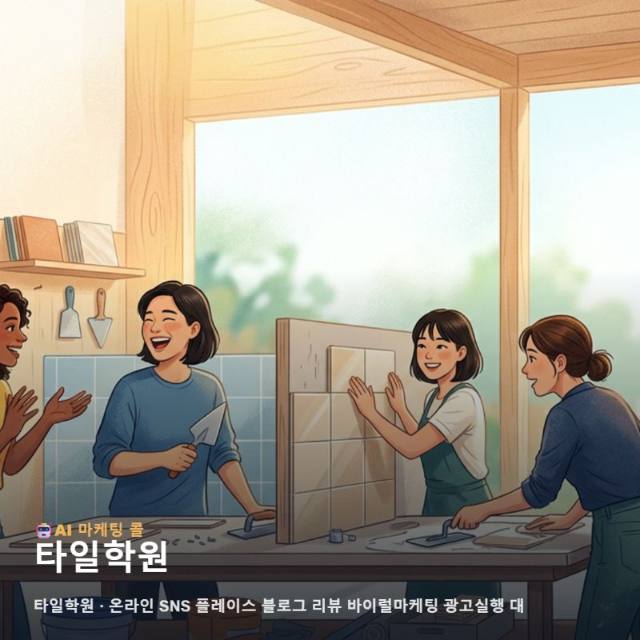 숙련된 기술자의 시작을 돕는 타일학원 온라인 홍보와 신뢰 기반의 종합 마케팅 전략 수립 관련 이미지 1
☆ ☆ ☆
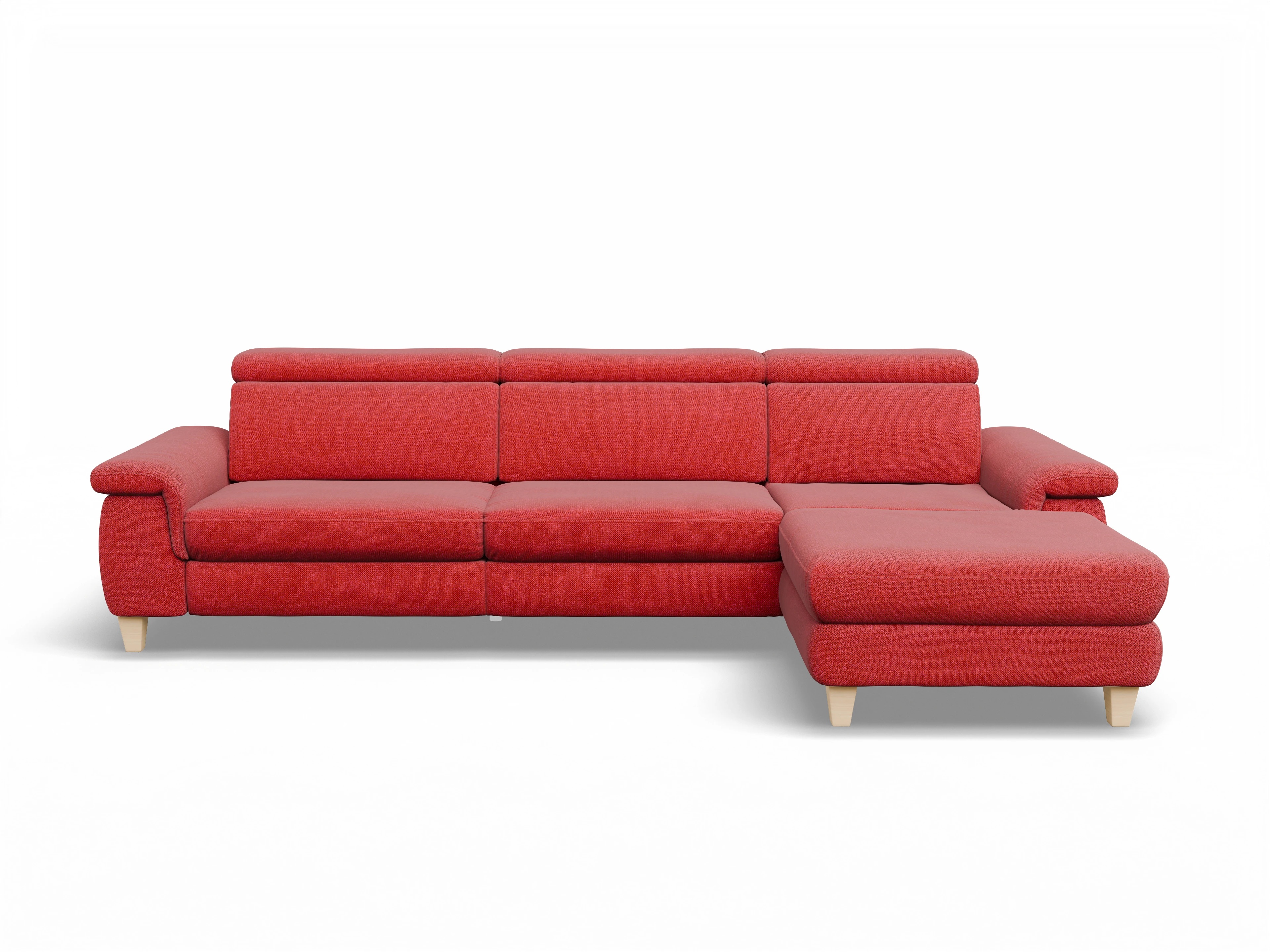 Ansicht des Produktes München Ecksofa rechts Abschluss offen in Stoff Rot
☆ ☆ ☆
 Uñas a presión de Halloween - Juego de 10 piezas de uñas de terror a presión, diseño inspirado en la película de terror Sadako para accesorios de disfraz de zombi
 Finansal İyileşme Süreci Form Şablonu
☆ ☆ ☆
## [Work required]
Take the entries above and return only the lines from the one with "Uñas a presión" to the one with "Finansal İyileşme Süreci Form Şablonu", both included, unchanged.

## [Reply]
 Uñas a presión de Halloween - Juego de 10 piezas de uñas de terror a presión, diseño inspirado en la película de terror Sadako para accesorios de disfraz de zombi
 Finansal İyileşme Süreci Form Şablonu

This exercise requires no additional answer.